New Codes, New Rounds of Rejections

Oct. 1, 2016 brought a very large update to our ICD-10-CM coding system, as everyone is well aware. There were many new codes. Codes that existed in the previous system but lacked specificity were deleted and new codes with much higher levels of detail were added for us.

Many of the conditions that physicians treated that were missing laterality were changed to add it, and many that were missing a bilateral option had that added into the coding system as well.

Overall, the code changes brought many of the missing condition codes we were hoping for – for example, we were all glad to see codes for overexertion restored.

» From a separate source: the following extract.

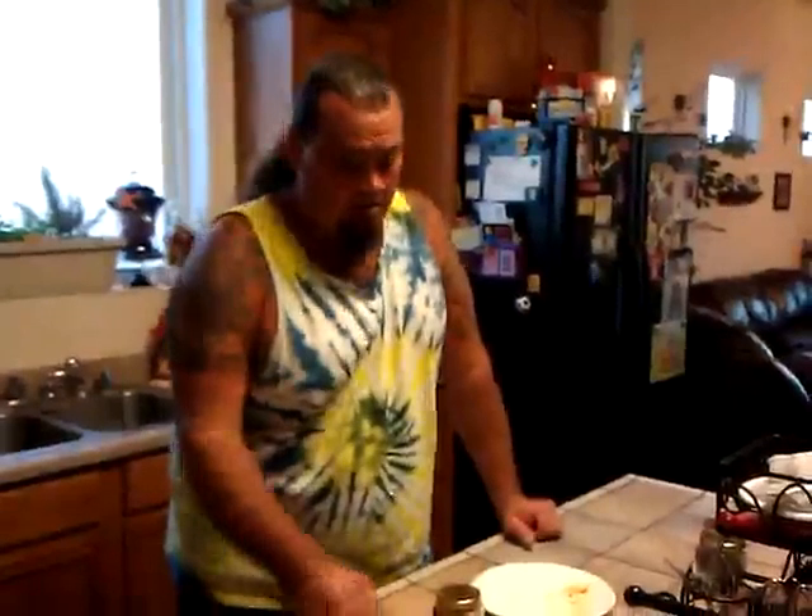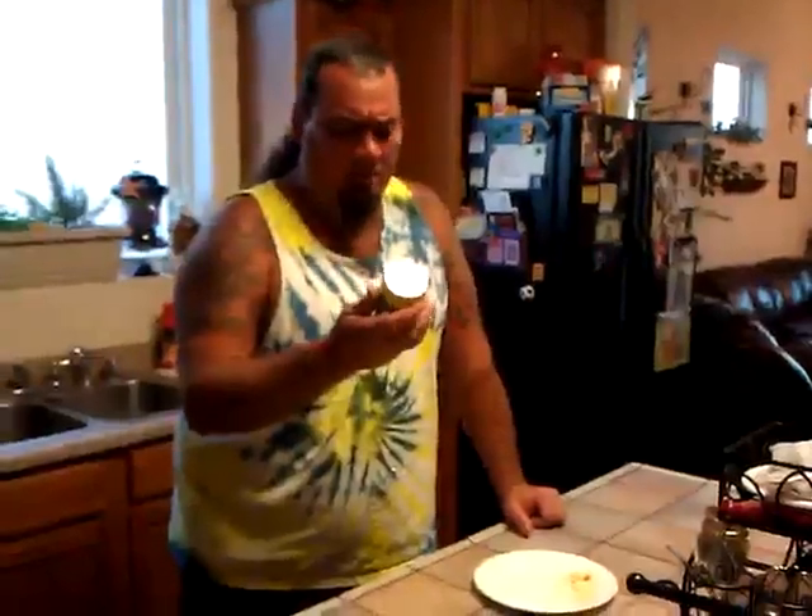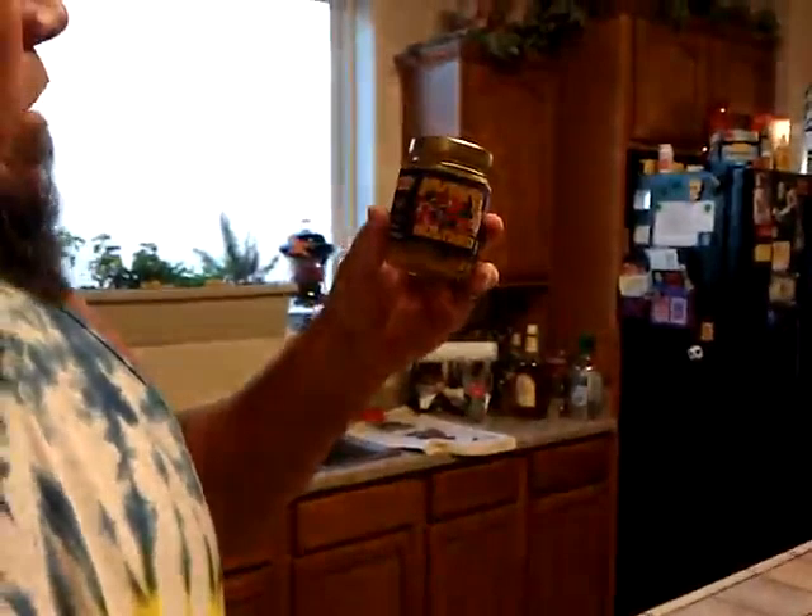It's got a pretty awesome little label on it, as you can see right here — a little kickboxing dude. Mother's Mustard Original. "You won't eat without it" — that's what it says here.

But with these codes came new rounds of rejections. Some policies no longer matched up with the diagnosis codes. These policies mismatched correct diagnosis codes that should have been associated with the clinical condition found in the policies, creating financial distress and frustration in many of our practices. 

These issues took months for most practices to get worked out. In ophthalmology, we were hit pretty hard. The new combination codes for diabetic ophthalmology conditions didn’t match up with current medical policies. I started to get a lot of calls from not only medical practices, but also from other organizations whose members were experiencing denials. The first question everyone asks is: what am I supposed to do? Most claims were reprocessed without additional work from the practice, but it caused significant revenue stream issues. And it left physicians feeling jaded. If they had just defaulted to unspecified codes, they would not have seen many of the issues.

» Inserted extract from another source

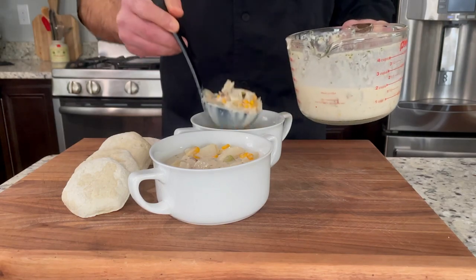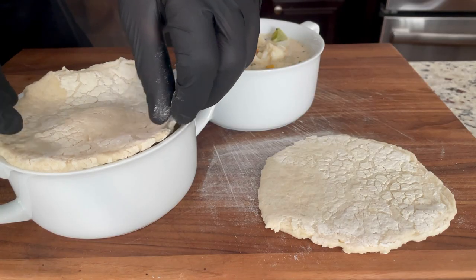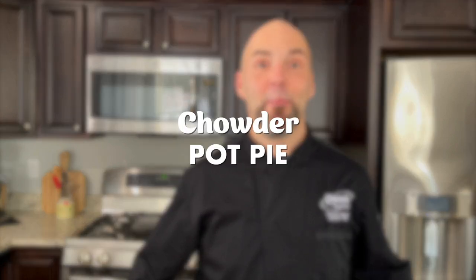If you have chowder on your menu, which most of you probably do, here's a quick and easy way to turn your chowder into additional revenue by adding just one user-friendly ingredient: the biscuit. All you have to do is add your chowder to an oven-safe crock, top it with a pre-made biscuit, bake it off, and offer it to your diners as a chowder pot pie.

It’s hard to have a conversation with a practice when you must say, “code to the highest level of specificity, even though right now you won’t get paid for it,” when everyone involved wants to get paid quickly. And many don’t know who to turn to in order to get their problem resolved.

There were some practices that simply thought they could no longer get paid for some services. That’s extremely harmful to a practice, many of which are without certain resources or skills that could help them determine what to do next. But my advice is this: please don’t ignore it or write it off! Follow these steps for help:

  1. Make sure someone understands the rejection – was it for an NCCI edit, modifier edit or diagnosis issue, etc.? Look at the reason codes.
  2. Read current health plan communications; they are usually good at telling you when they are making changes.
  3. Read current policies regarding the condition to see if any changes were made.
  4. Call your provider rep for help.
  5. Look at resources available to you, such as state medical societies and specialty societies.

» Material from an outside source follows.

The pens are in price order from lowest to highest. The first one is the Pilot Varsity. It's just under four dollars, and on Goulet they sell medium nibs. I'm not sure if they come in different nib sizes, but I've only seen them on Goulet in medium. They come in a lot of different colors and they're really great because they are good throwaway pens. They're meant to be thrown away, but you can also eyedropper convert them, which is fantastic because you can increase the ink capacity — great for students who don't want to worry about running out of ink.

If there have been no changes and the diagnosis is missed in the policy but should clinically be there, reach out to the relevant payer so that it can investigate and make changes. This is a good time to employ your specialty society or your state medical society to help as well.

For example, in one ophthalmology policy, cancer of the left eye was included, but the right eye was missed in the policy. This is an error that can be quickly identified and fixed.

The problem becomes the amount of time it takes to then get payment. Sometimes it can be 90 days or more, which for some specialties can be very problematic if you are seeing large numbers of patients with insurance. The key to diminishing the impact is quick detection; make sure you have someone watching your acknowledgment reports on claim submissions. It is always your first line of defense. 

Another strategy is to watch for the draft policies that are out for review. If it is going to affect your practice, then you should be sure to review so you can find and fix any potential problems before the policy becomes final.